* _Problem to work on_
Look through the listing below for the line containing "Rooibos Citron-Gingembre - Les". Copy it and each line after it up to and including the line containing "Completed Rack Supported", exactly, leaving out pictures.

* _Records to process_
# # # # # # #

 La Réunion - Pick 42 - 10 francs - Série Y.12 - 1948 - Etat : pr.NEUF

# # # # # # #

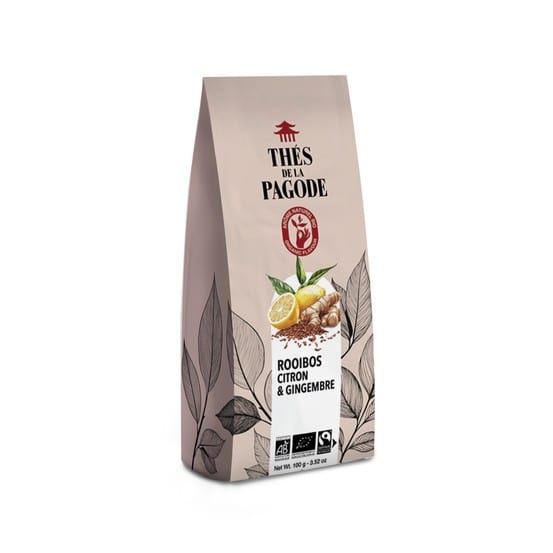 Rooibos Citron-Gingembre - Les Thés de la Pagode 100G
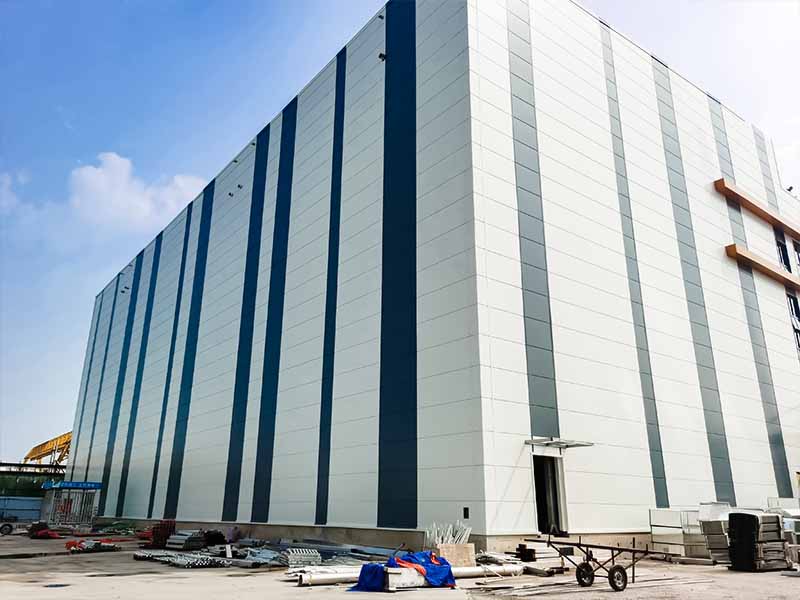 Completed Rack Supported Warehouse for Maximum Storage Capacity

# # # # # # #

* _Result_
 Rooibos Citron-Gingembre - Les Thés de la Pagode 100G
 Completed Rack Supported Warehouse for Maximum Storage Capacity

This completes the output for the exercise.